**About this task:**
Shown below is a listing with pictures; reproduce exactly, and only, the lines between the ones containing "Hrvatskom poslaniku zasmetala" and "BMW E92 325d", inclusive, leaving the pictures out.

Source material Start Marker

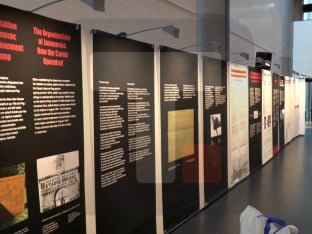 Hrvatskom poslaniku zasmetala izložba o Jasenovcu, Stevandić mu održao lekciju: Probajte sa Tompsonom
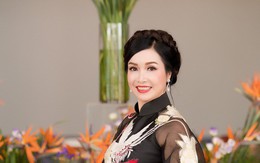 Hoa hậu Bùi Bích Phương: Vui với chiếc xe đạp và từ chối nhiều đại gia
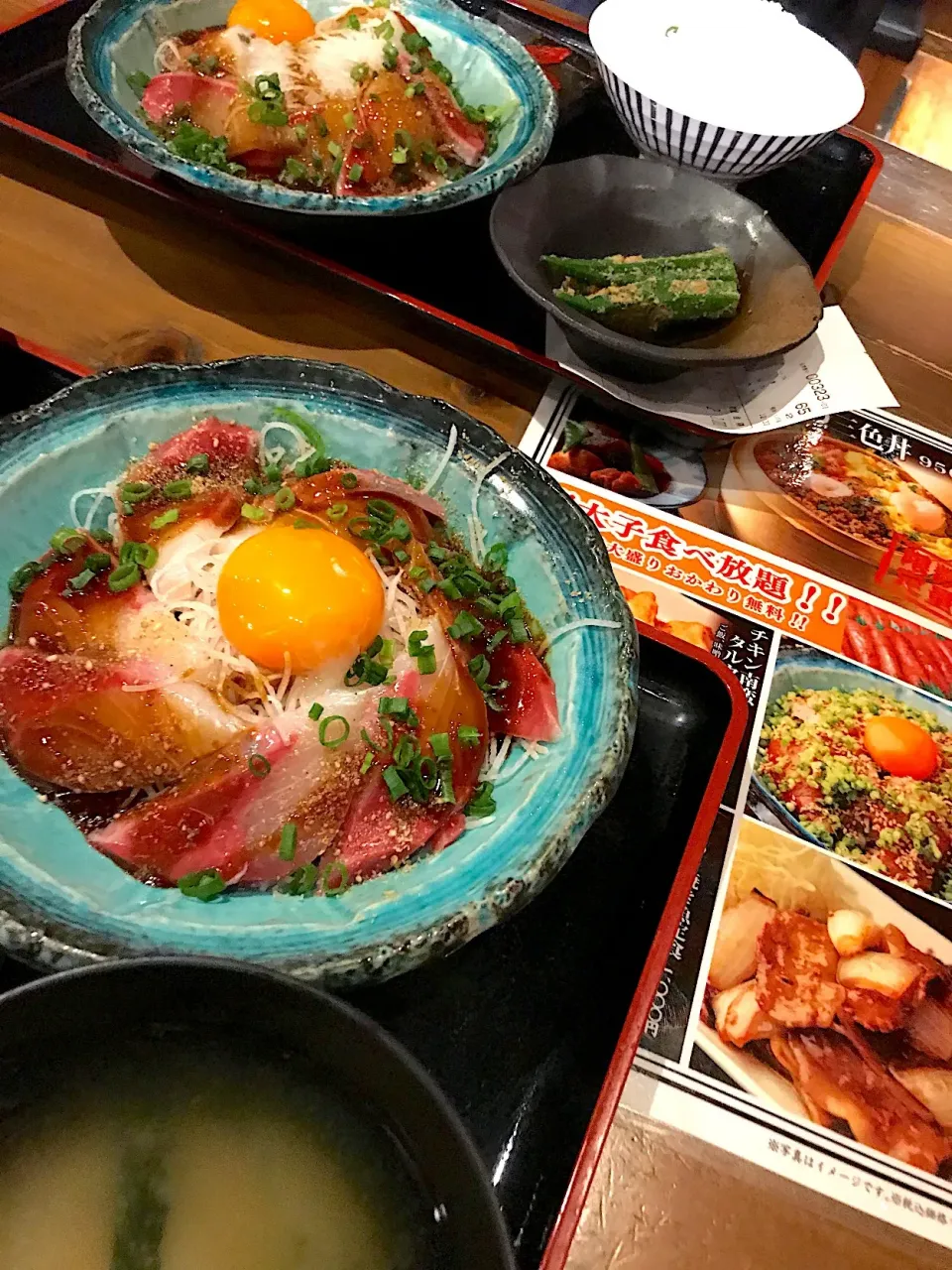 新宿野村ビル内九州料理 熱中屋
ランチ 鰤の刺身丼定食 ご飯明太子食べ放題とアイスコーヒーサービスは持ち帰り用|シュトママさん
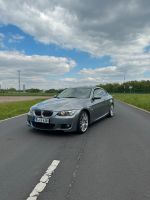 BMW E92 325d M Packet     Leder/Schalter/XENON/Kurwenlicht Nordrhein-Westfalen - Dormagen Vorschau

Source material End Marker
Source material Start Marker

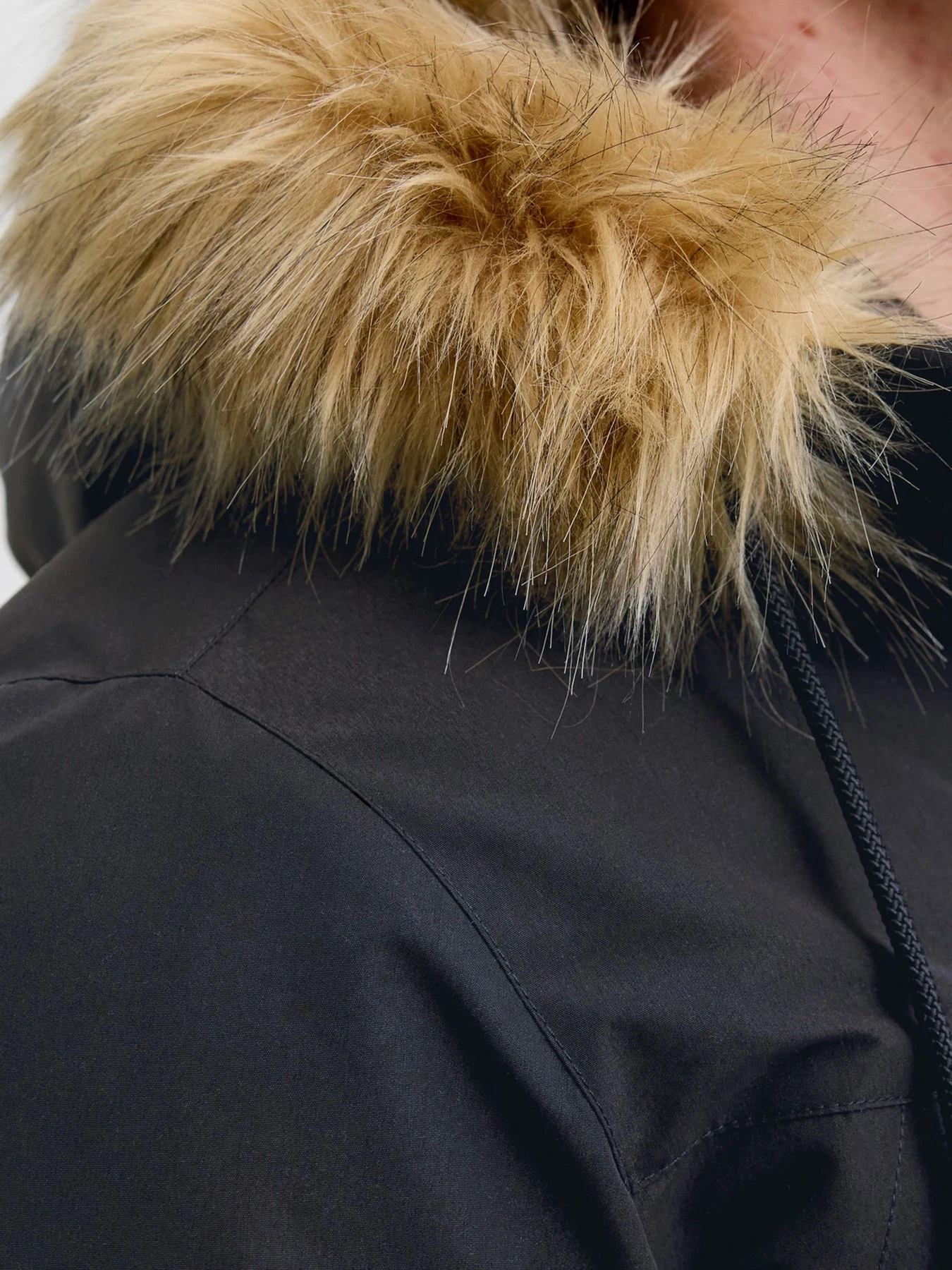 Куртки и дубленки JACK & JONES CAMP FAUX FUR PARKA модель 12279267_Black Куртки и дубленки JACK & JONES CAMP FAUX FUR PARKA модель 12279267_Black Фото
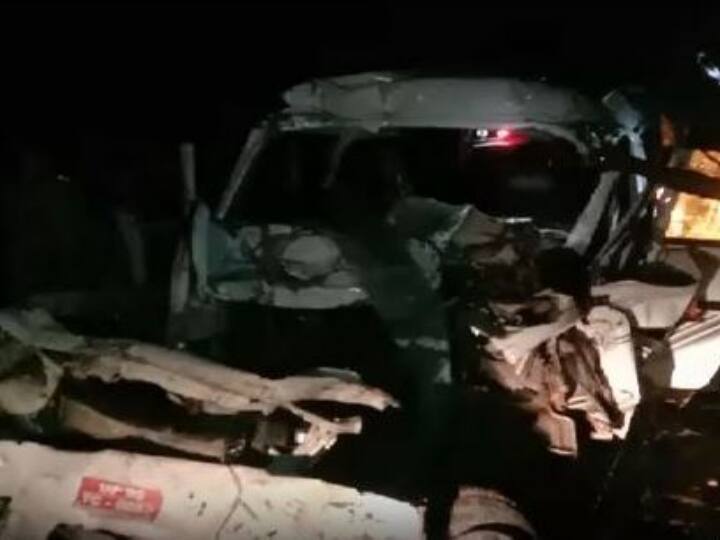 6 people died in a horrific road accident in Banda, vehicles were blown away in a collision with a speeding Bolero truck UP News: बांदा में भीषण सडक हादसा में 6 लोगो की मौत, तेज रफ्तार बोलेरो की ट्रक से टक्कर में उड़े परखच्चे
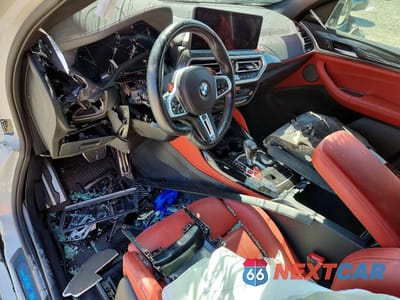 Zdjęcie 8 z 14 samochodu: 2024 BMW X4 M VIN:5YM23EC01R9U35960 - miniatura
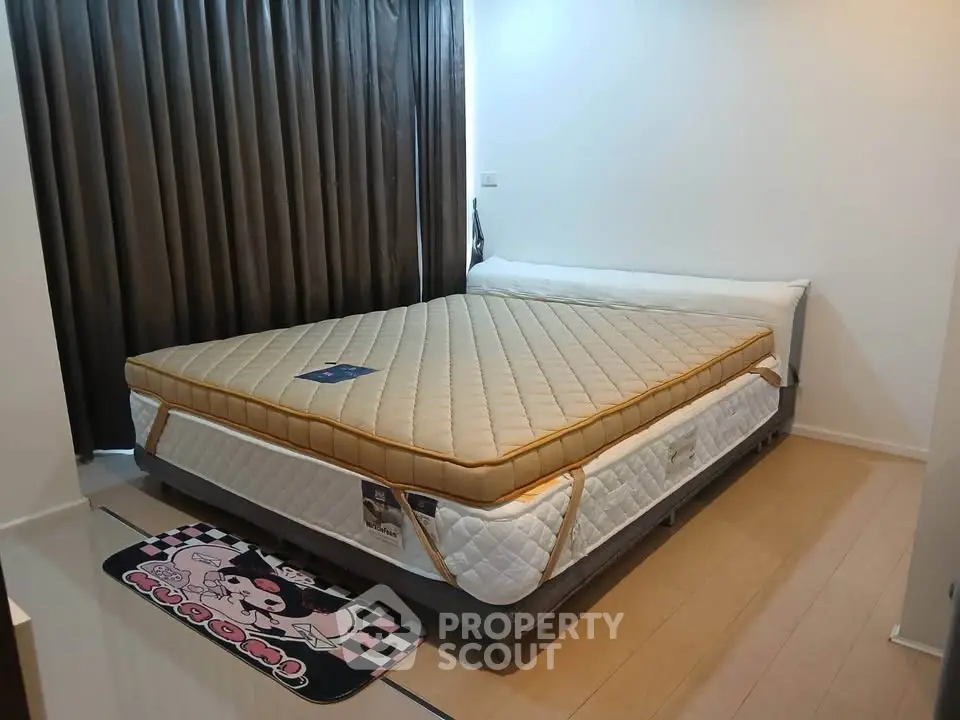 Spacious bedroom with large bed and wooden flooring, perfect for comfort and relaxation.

Source material End Marker
Source material Start Marker

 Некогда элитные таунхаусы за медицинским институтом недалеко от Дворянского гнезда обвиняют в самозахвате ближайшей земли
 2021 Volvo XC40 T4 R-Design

Source material End Marker

**Solution:**
 Hrvatskom poslaniku zasmetala izložba o Jasenovcu, Stevandić mu održao lekciju: Probajte sa Tompsonom
 Hoa hậu Bùi Bích Phương: Vui với chiếc xe đạp và từ chối nhiều đại gia
 新宿野村ビル内九州料理 熱中屋
ランチ 鰤の刺身丼定食 ご飯明太子食べ放題とアイスコーヒーサービスは持ち帰り用|シュトママさん
 BMW E92 325d M Packet     Leder/Schalter/XENON/Kurwenlicht Nordrhein-Westfalen - Dormagen Vorschau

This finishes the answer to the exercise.